I like effective complexity in graphic layouts. Since all decisions are made by a person, it is disputable whether it can be called a complexity formed by a system (probably not). Still, the most intriguing graphic layouts to me are the ones that seem based on strict, well-informed rules, but that also arbitrarily escape them for a more graphically pleasant outcome.
On The Problem of Authenticity:
I like early 20th century oil paintings. I enjoy staring at them and sort of tracing the painter's intentions. An aesthetic composition in paint mediums can provide that unique, warm firsthand experience as if you're talking to the artist. Most generative art, as with the postmodern approach explained in the article, tend to lack this quality.
1A) Something that demonstrates effective complexity is some of the first Pixar animators used mathematics and fractal geometry to create realistic mountains. Although I could not find a great picture to highlight these first mountains since I watched in in a documentary, these mountains gives the appearance of looking seemingly more toward the side of total randomness and higher complexity even though it is derived from a pretty rigid formula. Therefore, it lies somewhat in the middle with pull toward total randomness.

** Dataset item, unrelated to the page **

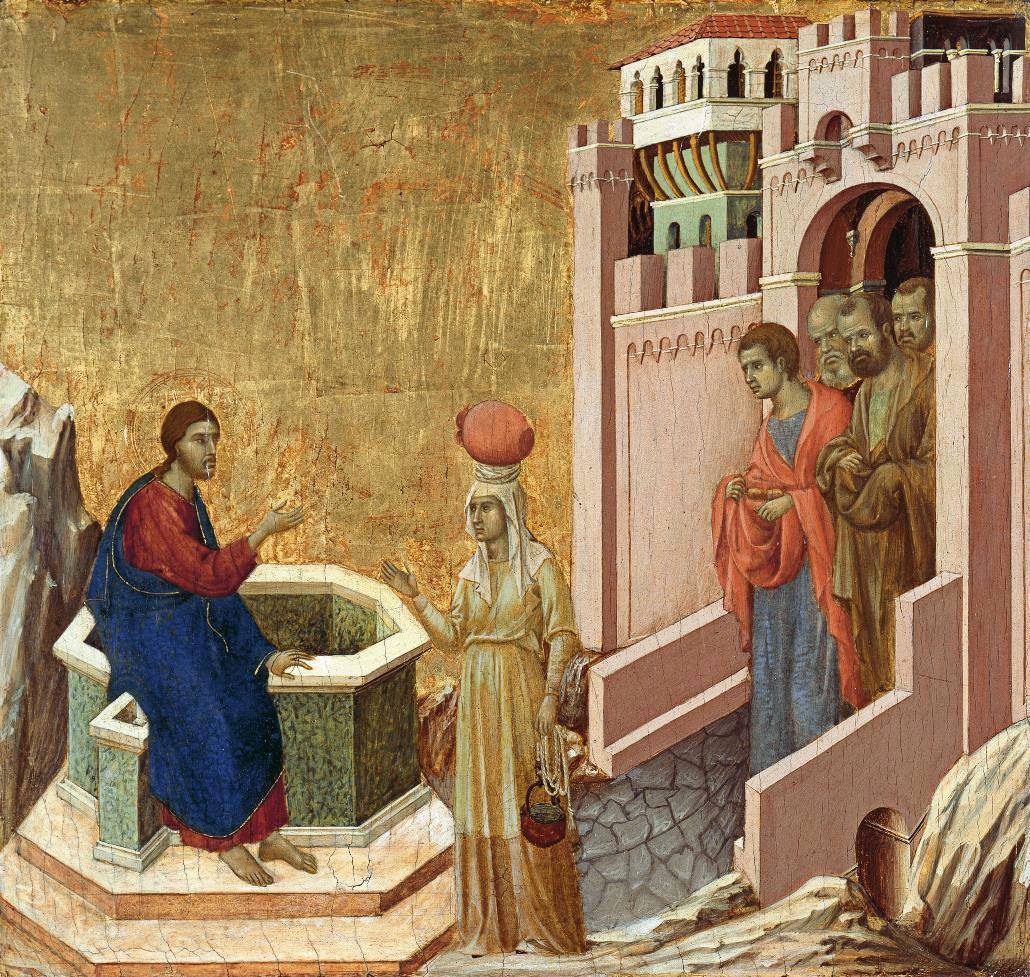 The Museum - Duccio di Buoninsegna (Sienese, c. 1255-1319) Christ and ...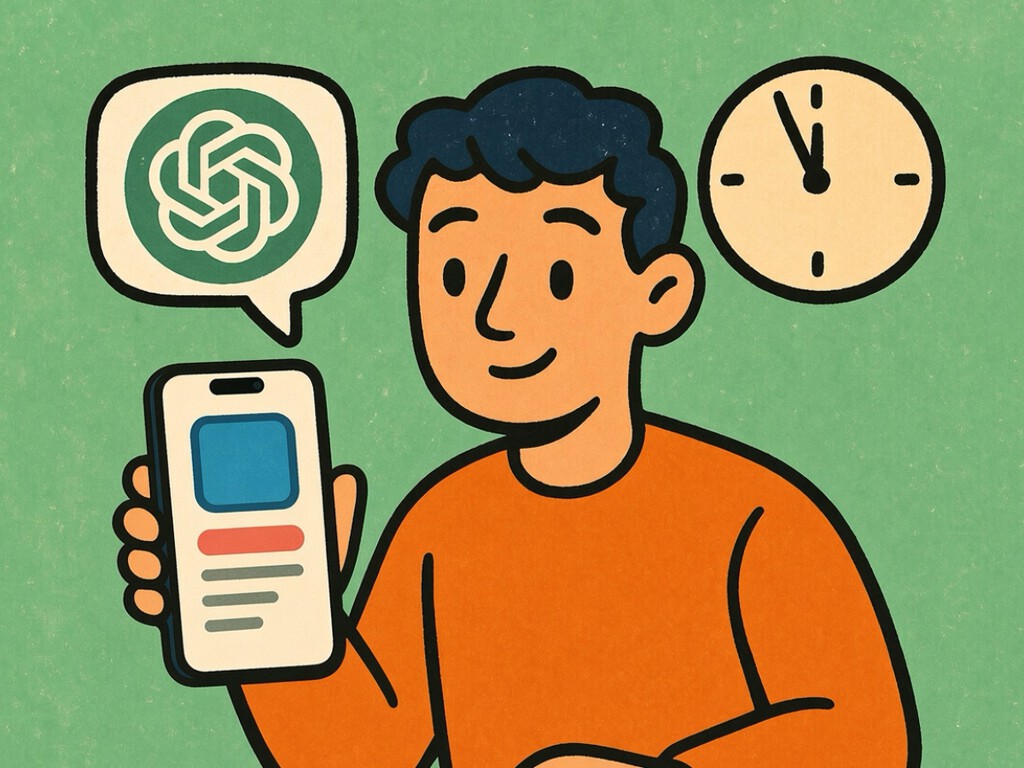 No sé nada de programación y he creado esta app en menos de 10 minutos. Solo con ChatGPT y el iPhone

1B) Regarding the problem that if generative art can "diminish the value of the art when unique objects can be mass‐produced?" I believe that although art can be produced on a mass scale, the value of the artist whether that be their individual artistic abilities or stylistic code does not diminish simply because generative art allows many unique objects to be created. Being massed produced and being unique are just some characteristics of a much more complicated system regarding the appreciation of art.